8) Procurement questions (copy/paste into your RFP)

  • Retrieval: Do you support hybrid retrieval (lexical + vector)? How are results fused (e.g., RRF)? Can we tune weighting and filters?
  • Freshness: What is your typical re‑index lag for SharePoint/OneDrive and Google Drive? Do you use Microsoft Graph delta queries and Google Drive Changes to avoid full rescans?
  • Security: How do you enforce document‑level permissions at query time? Where is data processed and stored?
  • Observability: Can we export per‑query logs showing the prompt, retrieved sources, latency, and costs?
  • Portability: Can we export our embeddings and metadata if we change vendor? What are the exit costs?
  • Cost guardrails: Can we set caps per user or per day? What happens at the cap?

For a structured buying process, see our two‑week AI vendor bake‑off and the 90‑day AI cost guardrail.

9) KPIs to report monthly

  • Groundedness (median, P90) across your test set.
  • Relevance and retrieval recall@5 on the same test set.
  • Time‑to‑freshness P95 for key libraries.
  • Deflection rate: % of queries resolved without human hand‑off.
  • Latency: P50/P95 time to first answer.
  • Cost: £ per 1,000 queries, and re‑indexing cost per 1,000 changed documents.
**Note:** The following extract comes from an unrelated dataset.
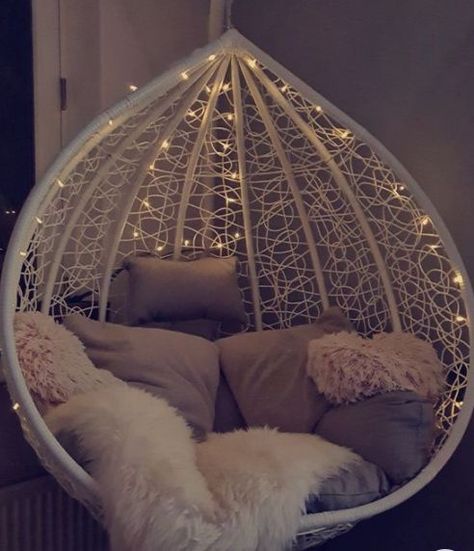 Decorative Chairs For Bedroom, Cool Room Furniture Bedroom Ideas, Cute Hanging Chairs For Bedrooms, Comfy Hanging Chair, Cool Hanging Chairs, Hanging Bean Bag Chair, Hanging Chair Decor Ideas, Hanging Pod Chair, Ayunan Gantung Aesthetic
10) A practical 14‑day plan (start Monday)

Week 1 — Foundations

  1. Day 1–2: Inventory the top 5 libraries/folders staff actually use. Identify owners and agree freshness SLAs.
  2. Day 3–4: Connect SharePoint/OneDrive or Google Drive with change‑tracking (Graph delta or Drive Changes).
  3. Day 5: Turn on hybrid retrieval with filters for audience/status. Validate access controls.
  4. Day 6–7: Build your 50‑question test set and baseline metrics.

Week 2 — Tune and evidence

  1. Day 8–9: Improve metadata (owners, status, review by). Remove obvious duplicates/superseded docs.
  2. Day 10–11: Tune hybrid weighting and synonyms for low‑scoring queries.
  3. Day 12: Re‑run evaluation. Capture groundedness and recall improvements with examples.
  4. Day 13–14: Draft a one‑page report for execs with KPIs, cost per 1,000 queries, and next actions.

If you need deeper knowledge management prep, see RAG‑ready in 30 days and our AI content quality tests. To avoid being boxed in later, review Avoid AI lock‑in.

What “good” looks like by end of January

  • Hybrid search live for at least two core libraries with change‑tracking enabled.
  • Median groundedness ≥4, recall@5 ≥85% on your 50‑question test set.
  • Time‑to‑freshness P95 within SLA for each content type.
  • Monthly report shows cost per 1,000 queries and at least two improvements shipped.